Well for one thing it’s not a popular sort of area of inquiry, is it? You’d have to look a great many areas to even begin sorting through the evidence of pollen in cores from nine thousand year old bogs of the ash/fire lines left in river sediments. Worse from the academic point of view that favors a “discipline,” any approach that crosses over disciplinary lines will win frowns and balks from the academic powers that more times than not want to see their discipline, their view, and their department be seen in a favorable and ascendant light.
Academia hails outside-the-box thought, but woe to they who try it because they shall be seen as defilers and cranks.
I’m personally OK with carbon (which is not a poison) theory, but I’m damned disappointed that the discussion of a topic large and important is so dominated by children (professors and such often being not more than inflated children).
It is, I’m reasonably satisfied, a child’s view and a child’s way to point at the stack of a sauna stove and proclaim doom and dire consequences. The case being proven to the child’s satisfaction they settle back in victory until the next short-sighted bit of “science” needs their attending affirmation.
Now come on, kids, it’s not science if you do not (and in cases blithely reject) more information. Science is process not conclusion.
But too often it’s the conclusion we see trying to drive the bus through forest and over prairie. Academia being for children ends up being by them as well. In the child’s studied view the facts have to fit the text or they don’t belong. This handy practice allows nine thousands years of intense prairie and forest burning to be ignored and a sauna chimney to be scientifically proven as culprit. God bless the adults who believe these children because they won’t easily get praise and acceptance from me.
By their nature and definition academic disciplines are limited. When (as too often occurs) a dab of discipline knowledge gets applied to a larger condition the application will be as apt as putting mustard on cupcake frosting.
Sadly (but very human) we get sucked into the absurd conclusions of the pedantic children tantruming among us. We go along in hope of quieting the noisy little bastards. Doesn’t work well does it? Noisy complaint supports baseless protest, a fact of living the old and young children know very well.
If you have a firm conviction and are satisfied you can support it then what problem resides in hearing out conflicting or side issues?
I ask because listening to those other view should (if you are indeed correct) add to the validity of your view. Instead (and far too often because we are encouraged to be tribal takers of sides) the tendency is to attack contrary views with scorn, derision, and some of the emptiest thinking imaginable.
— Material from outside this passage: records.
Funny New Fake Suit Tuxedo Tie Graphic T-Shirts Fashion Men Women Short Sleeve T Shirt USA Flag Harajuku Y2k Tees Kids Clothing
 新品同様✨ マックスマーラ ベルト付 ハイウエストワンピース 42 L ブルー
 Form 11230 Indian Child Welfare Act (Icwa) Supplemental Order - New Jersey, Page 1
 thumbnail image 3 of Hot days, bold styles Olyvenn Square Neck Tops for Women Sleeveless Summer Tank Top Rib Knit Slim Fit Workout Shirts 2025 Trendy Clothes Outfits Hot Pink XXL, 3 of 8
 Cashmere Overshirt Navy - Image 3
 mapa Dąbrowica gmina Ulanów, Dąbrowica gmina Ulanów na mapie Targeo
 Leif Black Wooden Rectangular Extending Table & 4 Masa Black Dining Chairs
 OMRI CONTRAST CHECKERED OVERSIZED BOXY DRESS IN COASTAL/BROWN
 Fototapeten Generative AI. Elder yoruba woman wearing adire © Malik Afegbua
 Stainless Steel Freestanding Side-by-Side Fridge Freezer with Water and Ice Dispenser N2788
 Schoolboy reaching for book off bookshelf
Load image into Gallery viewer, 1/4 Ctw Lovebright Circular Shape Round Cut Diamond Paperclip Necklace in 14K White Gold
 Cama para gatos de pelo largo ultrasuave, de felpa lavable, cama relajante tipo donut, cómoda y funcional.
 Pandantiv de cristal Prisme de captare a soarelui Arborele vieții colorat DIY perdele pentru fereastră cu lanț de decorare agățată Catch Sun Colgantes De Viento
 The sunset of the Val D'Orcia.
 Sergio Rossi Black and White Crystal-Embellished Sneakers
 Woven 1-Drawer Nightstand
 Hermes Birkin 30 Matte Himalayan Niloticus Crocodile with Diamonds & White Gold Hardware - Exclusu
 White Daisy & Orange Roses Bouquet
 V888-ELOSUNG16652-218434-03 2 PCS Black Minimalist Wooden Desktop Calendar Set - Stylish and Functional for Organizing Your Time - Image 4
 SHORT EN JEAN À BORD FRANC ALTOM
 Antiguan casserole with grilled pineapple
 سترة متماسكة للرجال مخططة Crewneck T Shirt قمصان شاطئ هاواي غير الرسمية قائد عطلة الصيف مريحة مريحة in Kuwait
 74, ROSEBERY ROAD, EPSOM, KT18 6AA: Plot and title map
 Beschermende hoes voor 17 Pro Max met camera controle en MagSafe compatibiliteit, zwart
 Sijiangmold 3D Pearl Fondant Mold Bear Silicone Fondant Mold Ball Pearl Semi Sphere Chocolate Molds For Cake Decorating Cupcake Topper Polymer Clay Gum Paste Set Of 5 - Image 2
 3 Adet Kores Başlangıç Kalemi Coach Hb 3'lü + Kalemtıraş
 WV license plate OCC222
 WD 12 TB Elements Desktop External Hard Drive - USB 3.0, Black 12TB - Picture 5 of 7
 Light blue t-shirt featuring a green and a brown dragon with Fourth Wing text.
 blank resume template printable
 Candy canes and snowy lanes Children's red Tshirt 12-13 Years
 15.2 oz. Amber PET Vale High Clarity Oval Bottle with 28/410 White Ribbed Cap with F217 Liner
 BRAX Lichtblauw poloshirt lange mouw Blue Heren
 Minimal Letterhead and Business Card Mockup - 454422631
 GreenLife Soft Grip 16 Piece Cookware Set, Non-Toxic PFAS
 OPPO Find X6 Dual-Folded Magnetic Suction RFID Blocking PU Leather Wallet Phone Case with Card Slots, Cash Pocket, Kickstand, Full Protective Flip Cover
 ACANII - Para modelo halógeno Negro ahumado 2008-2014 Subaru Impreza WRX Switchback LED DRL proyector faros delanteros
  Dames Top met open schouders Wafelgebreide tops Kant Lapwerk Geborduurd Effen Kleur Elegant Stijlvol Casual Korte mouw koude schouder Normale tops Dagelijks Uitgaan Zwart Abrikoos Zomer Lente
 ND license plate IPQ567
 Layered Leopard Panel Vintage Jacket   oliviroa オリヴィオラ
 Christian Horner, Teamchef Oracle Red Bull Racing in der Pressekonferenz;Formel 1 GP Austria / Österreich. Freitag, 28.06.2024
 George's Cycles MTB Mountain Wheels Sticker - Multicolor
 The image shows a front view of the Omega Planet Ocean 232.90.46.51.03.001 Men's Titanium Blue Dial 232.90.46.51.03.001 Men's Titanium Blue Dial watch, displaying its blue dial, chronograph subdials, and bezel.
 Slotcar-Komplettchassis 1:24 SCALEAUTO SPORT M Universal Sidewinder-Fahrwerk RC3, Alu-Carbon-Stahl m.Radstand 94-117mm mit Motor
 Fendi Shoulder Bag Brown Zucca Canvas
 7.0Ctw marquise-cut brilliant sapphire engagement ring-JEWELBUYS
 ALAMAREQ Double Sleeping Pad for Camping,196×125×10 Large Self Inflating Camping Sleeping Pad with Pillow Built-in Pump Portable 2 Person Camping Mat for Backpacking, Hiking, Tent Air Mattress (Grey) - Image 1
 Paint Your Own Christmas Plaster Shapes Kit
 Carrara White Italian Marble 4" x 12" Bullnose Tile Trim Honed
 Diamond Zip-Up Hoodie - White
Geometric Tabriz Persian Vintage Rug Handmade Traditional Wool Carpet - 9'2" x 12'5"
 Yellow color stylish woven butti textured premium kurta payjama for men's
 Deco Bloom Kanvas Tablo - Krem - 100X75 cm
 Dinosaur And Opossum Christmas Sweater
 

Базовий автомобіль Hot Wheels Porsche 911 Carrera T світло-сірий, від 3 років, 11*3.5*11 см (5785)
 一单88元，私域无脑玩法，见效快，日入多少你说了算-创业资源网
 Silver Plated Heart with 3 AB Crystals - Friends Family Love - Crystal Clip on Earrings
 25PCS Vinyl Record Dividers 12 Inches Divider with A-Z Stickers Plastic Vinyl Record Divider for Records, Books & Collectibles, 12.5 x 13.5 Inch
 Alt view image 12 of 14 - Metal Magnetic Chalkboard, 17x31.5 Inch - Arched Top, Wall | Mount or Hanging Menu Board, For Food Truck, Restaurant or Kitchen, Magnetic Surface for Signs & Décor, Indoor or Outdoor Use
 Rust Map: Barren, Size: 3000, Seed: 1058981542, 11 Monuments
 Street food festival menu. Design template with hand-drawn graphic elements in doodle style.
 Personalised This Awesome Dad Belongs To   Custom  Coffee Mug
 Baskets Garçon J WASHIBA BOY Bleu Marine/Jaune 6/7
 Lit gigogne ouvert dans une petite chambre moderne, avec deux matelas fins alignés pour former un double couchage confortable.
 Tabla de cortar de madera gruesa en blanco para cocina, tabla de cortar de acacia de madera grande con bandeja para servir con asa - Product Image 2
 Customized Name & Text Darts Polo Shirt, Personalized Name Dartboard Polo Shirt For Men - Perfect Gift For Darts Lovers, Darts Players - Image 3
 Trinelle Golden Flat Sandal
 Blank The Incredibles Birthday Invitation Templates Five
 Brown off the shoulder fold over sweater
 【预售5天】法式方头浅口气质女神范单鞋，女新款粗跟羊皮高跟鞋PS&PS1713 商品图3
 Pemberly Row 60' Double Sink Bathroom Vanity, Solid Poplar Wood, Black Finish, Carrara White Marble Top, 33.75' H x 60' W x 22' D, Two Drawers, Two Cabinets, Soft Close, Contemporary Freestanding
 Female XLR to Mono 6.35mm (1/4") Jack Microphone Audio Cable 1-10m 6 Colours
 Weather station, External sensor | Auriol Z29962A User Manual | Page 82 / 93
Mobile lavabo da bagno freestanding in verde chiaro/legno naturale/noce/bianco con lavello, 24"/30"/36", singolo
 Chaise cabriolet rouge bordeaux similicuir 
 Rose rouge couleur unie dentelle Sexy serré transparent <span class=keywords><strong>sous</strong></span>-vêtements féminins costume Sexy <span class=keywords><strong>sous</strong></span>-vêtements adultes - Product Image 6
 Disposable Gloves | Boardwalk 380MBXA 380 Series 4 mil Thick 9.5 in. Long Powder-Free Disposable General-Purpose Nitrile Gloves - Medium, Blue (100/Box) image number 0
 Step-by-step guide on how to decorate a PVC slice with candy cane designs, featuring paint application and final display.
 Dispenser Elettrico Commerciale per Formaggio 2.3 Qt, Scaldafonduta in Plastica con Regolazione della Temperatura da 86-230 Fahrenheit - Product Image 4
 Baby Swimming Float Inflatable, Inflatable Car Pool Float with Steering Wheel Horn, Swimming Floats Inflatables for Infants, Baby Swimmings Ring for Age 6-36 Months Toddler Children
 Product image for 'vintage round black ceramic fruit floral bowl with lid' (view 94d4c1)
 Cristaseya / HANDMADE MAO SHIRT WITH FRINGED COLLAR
Doubt me? Well try on for size the gem of probity that says that since objectivity and fairness are not 100% achievable there is no point to try. That disfiguring blow to reasonable process promotes some of our worst traits, such as placing lust for a good attack over an attempt at objective verification.
Truth and fact have little place in the reality theatre of make-it-up-as-you-go where masked bit players are dragged on and off stage for no reason but show. Vicious is a fair description of such dramatics. You have perhaps participated directly. Maybe you’ve watched or have experienced what happens when observation or objection is raised.
In any of those the response-attack is meant to destroy not nurture human curiosity. The processes we support directly or passively determine whether we’ll be advocates or discoverers. But keep this in mind.
When advocacy replaces discovery it does so at the cost of humanity.